As I was researching Eric Foner for the previous post, I found this:

Liberalism and the Left; rethinking the relationship: And of course there’s the question of which liberalism we’re talking about. The classical liberalism of the late eighteenth and nineteenth centuries, positing the autonomous individual as the carrier of certain basic natural rights as the foundation of political thought, with the role of liberalism to protect that individual’s rights against concentrations of power, particularly a too-powerful state. And then there is modern liberalism or social liberalism. This is geared more to the so-called welfare state and inequalities of economic power, and is not as worried about the state interfering with individual rights. Indeed, it often sees the national government as the protector of liberties against local majorities.  I don’t want to get into a definitional, semantic debate [because that would actually provide clarity and clear concepts to discuss e-C] except to say that one of the reasons this discussion will probably go on forever is that people are talking different things when they are discussing liberalism [which, of course, would be cleared up by a definitional, semantic debate *ahem* e-C].

But this very fact may obscure the important historical point that liberalism and radicalism, or liberalism and the left, have common historical origins. In the late eighteenth century, in the Age of Revolution, the roots of modern liberalism and modern socialism can be found in the movements to dismantle privilege, hierarchy, monarchy, and aristocratic power. As social movements, both liberalism and the left originated in the egalitarian fervor of the age of the American and French revolutions. And this overlapping history of liberalism and the left (or socialism) [well, that’s clear enough—e-C] can be traced into the twentieth century. Even in the Progressive era, so-called “new liberals” like T. H. Green in England, or John Dewey and other progressive thinkers in the United States, sought to find common ground between socialism and liberalism, challenging the distribution of economic resources while insisting that the notion of the state as the primary threat to individual liberty was now outmoded [thereby leaving that “notion” to the conservatives and Constitutionalists—e-C] and that the major danger to the rights of the liberal individual lay in concentrated corporate power. And on that ground, liberals and socialists could and did make common efforts in Progressive America.

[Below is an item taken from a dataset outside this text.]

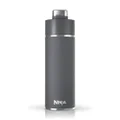 Ninja DW2401GY Thirsti 24oz Travel Water Bottle, for Carbonated Sparkling Drinks, Colder and Fizzier Longer, Stainless Steel, Leak Proof, 24 Hours Cold, Dishwasher Safe, Metal Insulated Tumbler, Gray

...Lately, however, there has been an effort, at least within the realm of political theory, to reunite [liberalism and the left ]. ...Liberalism’s Crooked Circle ,...an attempt to find in the wake of the collapse of the Soviet model what he calls “liberal socialism” that will avoid the harshly authoritarian elements of that socialist experiment [uhm, yeah, I’d say “avoiding” Stalinism like the freakin’ plague might be a good ‘notion’—e-C] , and yet not simply succumb to the free economic marketplace as the definition of justice.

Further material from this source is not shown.